- **Work instructions**: Among the lines below, keep only those from the one containing "vidaXL Relaxing Chair Pink Velvet-3" through the one containing "Πίνακας, Refreshing Strawberry", and reproduce them exactly.

- **Data listing**:

***

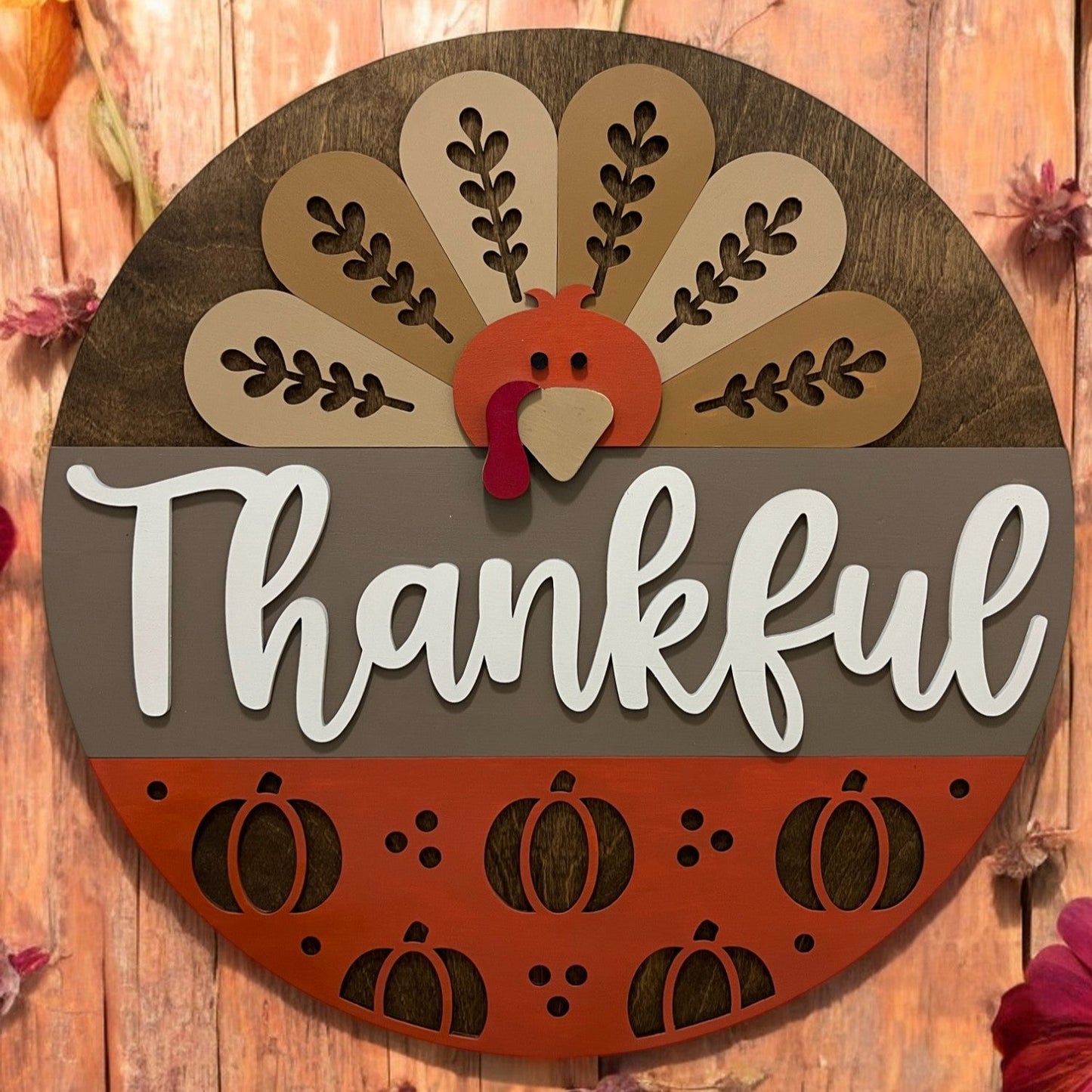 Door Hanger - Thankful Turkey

***

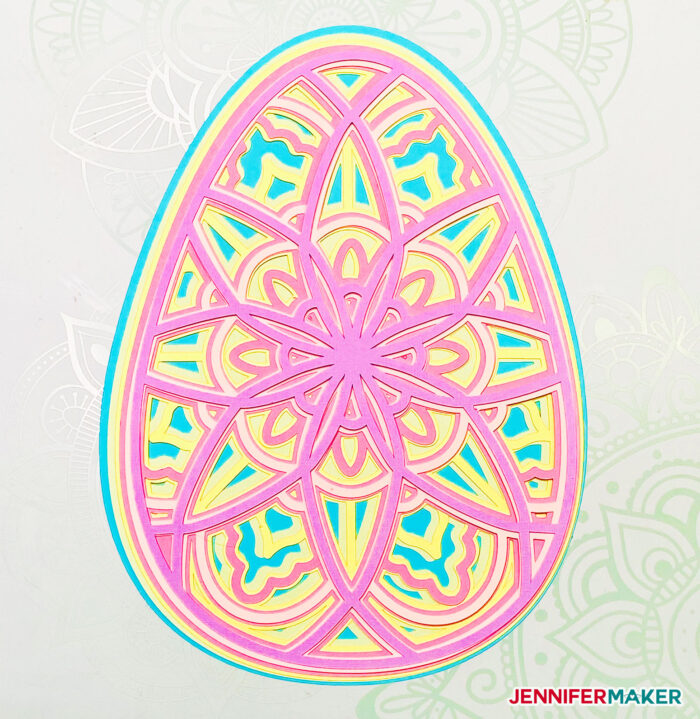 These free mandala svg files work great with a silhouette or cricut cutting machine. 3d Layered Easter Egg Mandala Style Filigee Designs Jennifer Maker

***

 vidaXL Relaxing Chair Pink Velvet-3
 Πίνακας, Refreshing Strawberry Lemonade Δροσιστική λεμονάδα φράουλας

***

- **Solved exercise**:
 vidaXL Relaxing Chair Pink Velvet-3
 Πίνακας, Refreshing Strawberry Lemonade Δροσιστική λεμονάδα φράουλας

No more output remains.